Verrat, verdeckte Medienoperationen und das drohende Ende einer Bewegung: Tisana „Kaewta“ Choonhavan, Enkelin eines Premierministers, holt zum Vernichtungsschlag gegen die thailändische Volkspartei (People’s Party) aus. Was als parteiinterner Streit begann, könnte nun vor dem Verfassungsgericht mit der totalen Auflösung enden.
BANGKOK – In der thailändischen Politik wiegen Namen schwer, doch kaum einer trägt so viel historisches Gewicht wie „Choonhavan“. Dass ausgerechnet Tisana Choonhavan, das Gesicht der dritten Generation dieser mächtigen Dynastie, nun die Axt an die Wurzeln der progressiven Bewegung legt, gleicht einem politischen Erdbeben.
Der Frontalangriff
Nach der schmerzhaften Wahlniederlage vom 8. Februar brach Tisana das Schweigen. Ihr Ziel: Parteichef Natthaphong Ruengpanyawut. In einer Schärfe, die selbst langjährige Beobachter überraschte, forderte sie seinen sofortigen Rücktritt. Der Vorwurf lautet auf „unzureichende Führung“ und die chronische Unfähigkeit, Verantwortung für das politische Scheitern zu übernehmen. Die Volkspartei, einst Hoffnungsträgerin der Jugend, musste sich mit dem zweiten Platz hinter der Bhumjaithai-Partei begnügen – ein Absturz, der die internen Gräben aufriss.
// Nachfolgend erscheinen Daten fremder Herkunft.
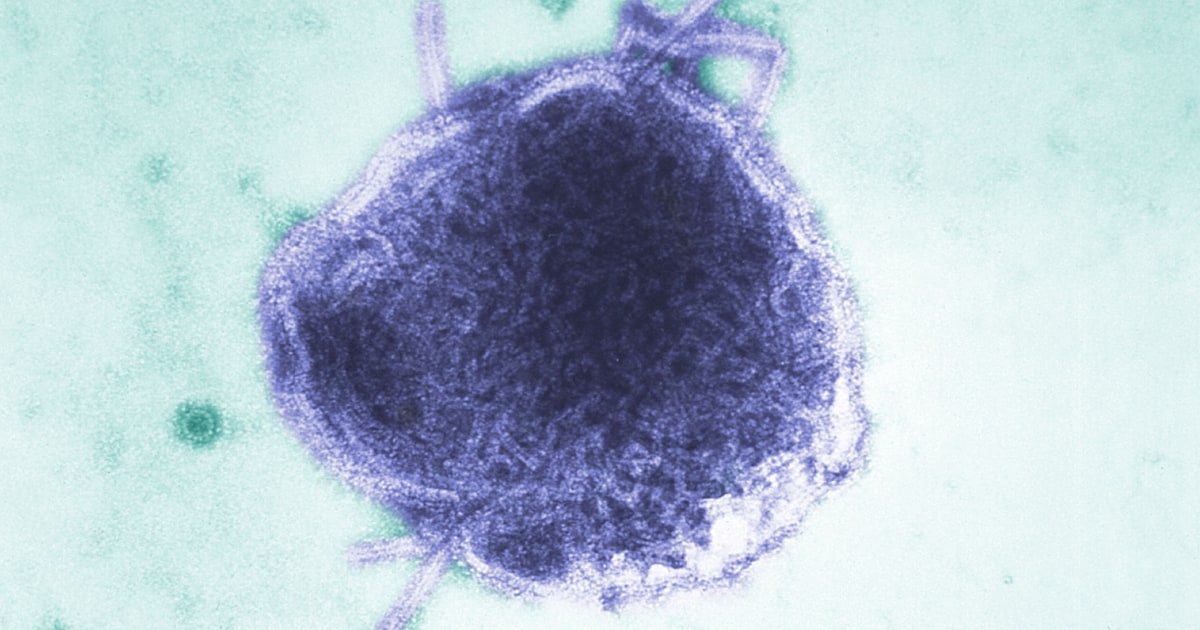 Measles exposure at day care requires Iowa family to miss weeks of work for their baby: 'It only takes one'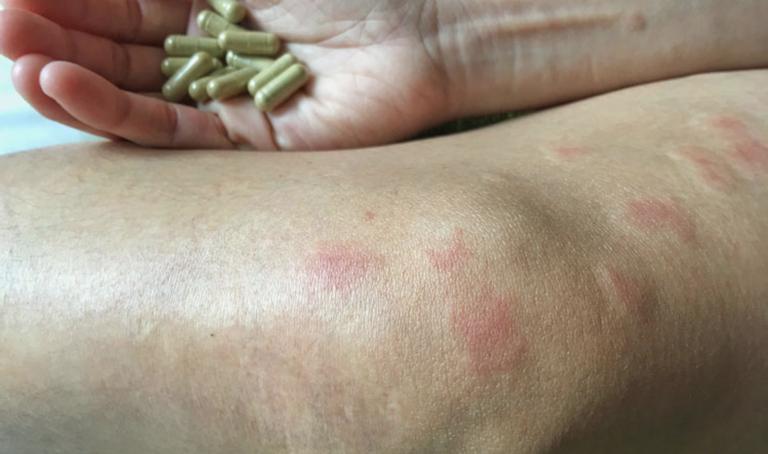 Sự nguy hiểm của căn bệnh nữ minh tinh Châu Hải My phải chịu đựng suốt 20 năm-1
Die „Spectre C“-Affäre: Ein juristisches Todesurteil?
Doch Tisana beließ es nicht bei personeller Kritik. In einer aufsehenerregenden Talkshow zündete sie eine rhetorische Bombe, die das Überleben der Partei gefährdet. Sie behauptete, die Parteispitze habe über das Medienunternehmen Spectre C eine gezielte Online-Informationskampagne (IO) gegen sie gestartet.
Das Brisante daran: Spectre C residiert im selben Gebäude wie die Parteizentrale und soll eng mit der Führung verknüpft sein. Da das thailändische Gesetz politischen Parteien den Besitz von Medienanteilen strikt untersagt, steht nun mehr als nur der Ruf auf dem Spiel.
Der berüchtigte Dauer-Kläger Srisuwan Janya hat bereits reagiert und Beschwerde bei der Wahlkommission eingereicht. Sein Ziel ist klar: Die Auflösung der Volkspartei. Damit droht der Bewegung das gleiche Schicksal wie ihren Vorgängern Future Forward und Move Forward, die beide von der Justiz zerschlagen wurden.
Schlammschlacht und „Rufmord“
Die Reaktion der Partei ließ nicht lange auf sich warten. Sprecher Parit Wacharasindhu dementierte jegliche verdeckten Operationen; man habe lediglich Inhalte produzieren lassen. Kritiker werfen Tisana hingegen pure Rache vor, da sie für die letzte Wahl nicht mehr als Kandidatin aufgestellt wurde.
Die Auseinandersetzung eskalierte zuletzt in einer digitalen Schlammschlacht. Nachdem Parteikollegen ihr öffentlich den Missbrauch „süchtig machender Substanzen“ unterstellt hatten, schlug Tisana juristisch zurück.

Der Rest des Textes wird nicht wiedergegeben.